COOs can come from a huge variety of career paths, backgrounds and industries. One thing most COOs share, however, is experience. Since the role is often advisory, a well-equipped COO should have extensive experience in the business world.
A COO typically also has experience within the company’s field. The CEO and board look to the COO to bring skill, knowledge, and expertise to the company. COOs should have years of experience in different operational areas of a company. They should also have leadership experience and be comfortable managing different departments and different personalities.
In addition to experience, most COOs will have a university background and, at the very least, a bachelor’s degree. Many COOs have a Masters in Business Administration (MBA). Traditional, large companies almost always require an MBA — but more executives these days don’t have degrees. Experience is often more important than a degree.

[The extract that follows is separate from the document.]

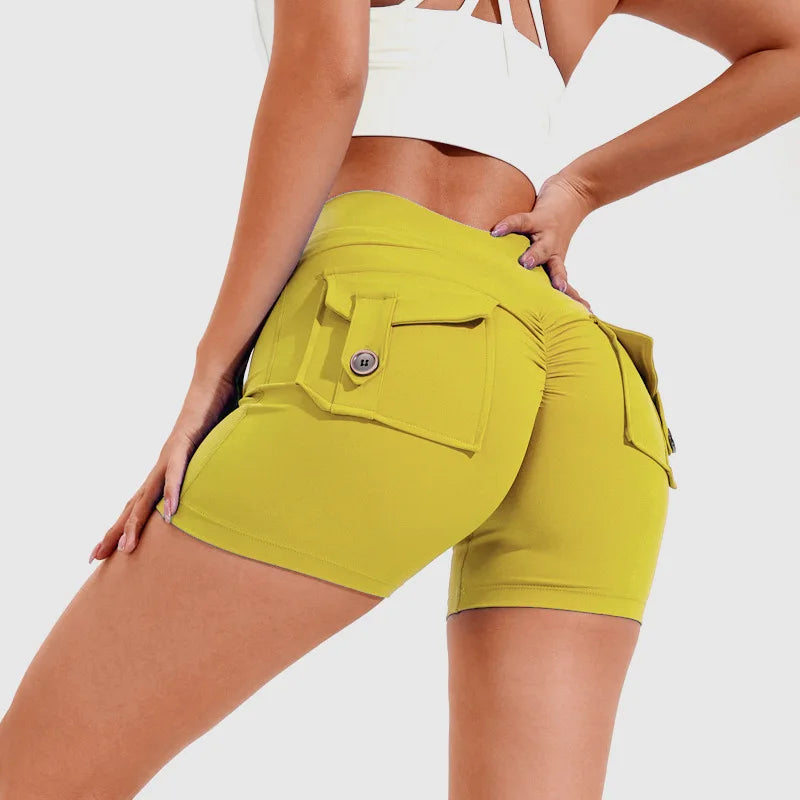 Scrunch Button Yoga Shorts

If you're thinking about your own path to the COO spot, it's probably a good idea to see where you stand at your job today and how you might progress. One easy way to do that is to join your company's public org chart.

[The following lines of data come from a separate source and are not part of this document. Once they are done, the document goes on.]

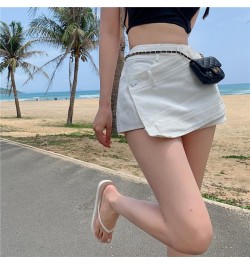 Shorts Women Summer Skinny Solid Denim Irregular Fashionable Holiday Korean Version Ladies Trousers Leisure Stylish High Wais...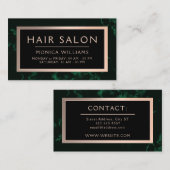 濃い緑の大理石フェイクテクスチャフレーム  名刺 (正面/裏面)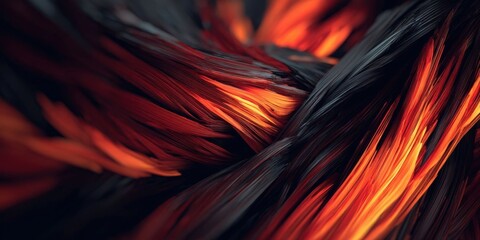 Vivid Abstract Geometric Art in Red, Black, and Orange Tones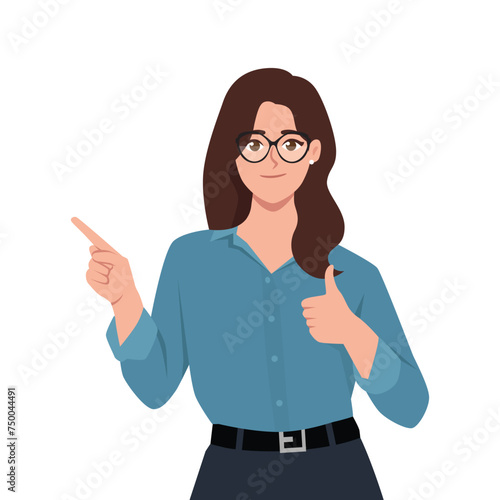 Young woman pointing finger left and showing thumbs up. Flat vector illustration isolated on white background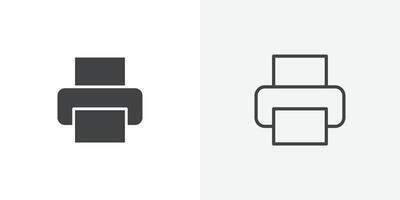 Printer icon flat and simple set design vector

COOs are responsible for all of the company’s operations — they need to have a strong skill set to help the company reach its goals and execute the CEO’s vision. Here are some of the top skills and strengths that COOs need.
Although COOs are largely responsible for steering the corporate ship and, thus, are responsible for the performance of a company, their share of the spotlight will always be a fraction of the CEO’s share. Their work is almost always behind the scenes, though that doesn’t diminish its importance.

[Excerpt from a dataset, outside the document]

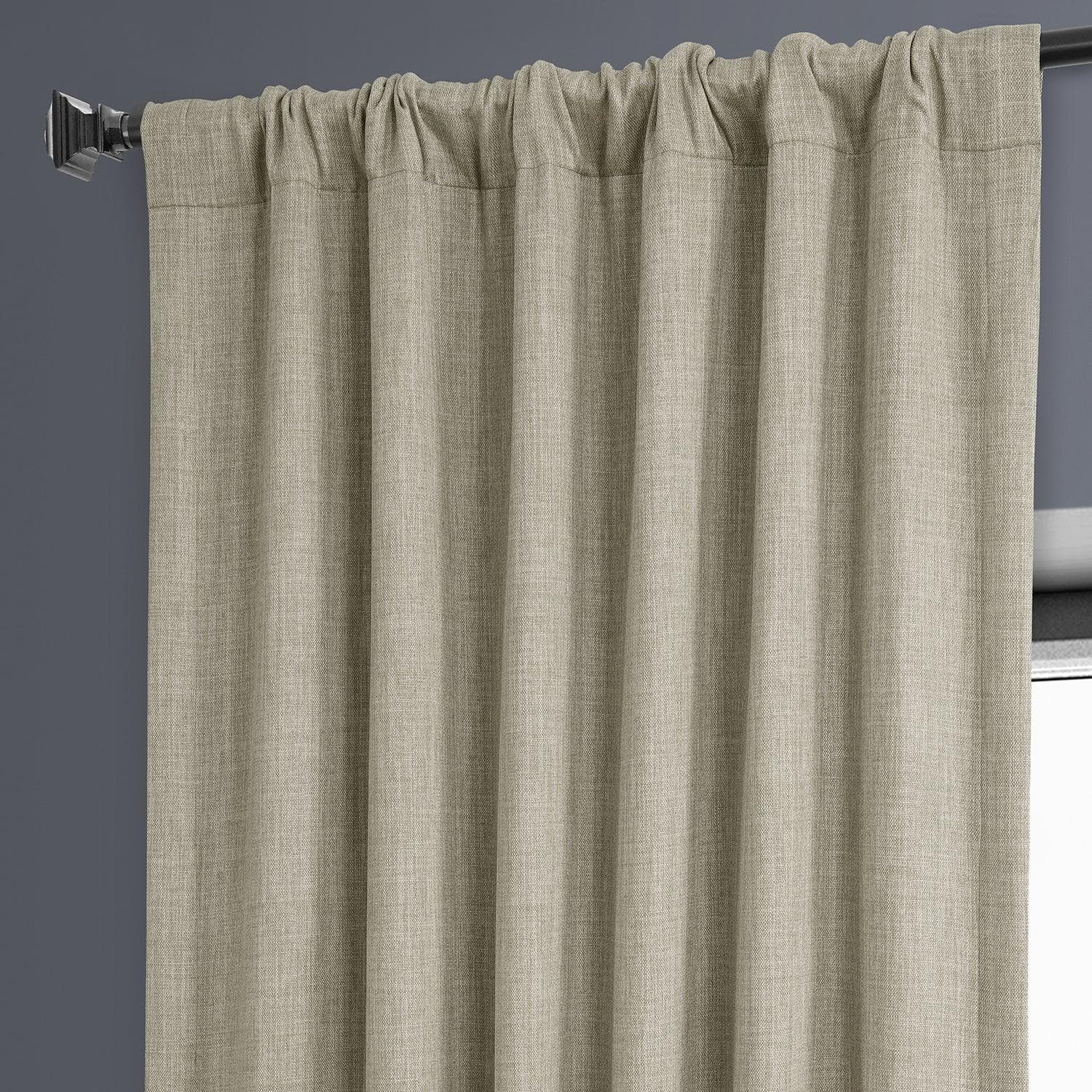Oatmeal Textured Faux Linen Blackout Curtains for Bedroom - Thermal Insulated Window Drapes for Living Room & Nursery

COOs must have great communication skills, both in communicating with other executives (and the CEO) and when communicating with the teams and departments they oversee. They need to be able to build consensus among internal stakeholders, mediate conflict, and negotiate.
They must also be prepared to act as a spokesperson for both the staff and C-suite of a company. As they often control the flow of communication through these levels of a corporation, attentiveness and dependability are a must.
COOs need to be strategic thinkers who are able to turn the CEO’s vision into a reality with measurable results. They have to make sure that all of the company’s operations are working toward the same strategy and goals.
COOs have to strategically delegate tasks to different departments and teams. To master delegation, they need to understand how to match departments’ strengths and skills with the tasks and goals at hand so that everyone on the team can be effective and motivated toward the same vision.
Because there are COOs in so many different industries and with such varying levels of experience, it’s hard to pinpoint the average COO salary. So what is a COO usually making in the US?
According to Salary.com, the average annual salary of a COO in the US is $469,286 as of March 2020.
On the other hand, the US Bureau of Labor Statistics lists the 2018 median pay for “Top Executives” as $104,690 per year.
COOs may be brought in to perform senior advisory roles, or they might be less-experienced younger individuals fast-tracked for an executive position. The level of experience, industry and responsibilities all factor greatly into their compensation.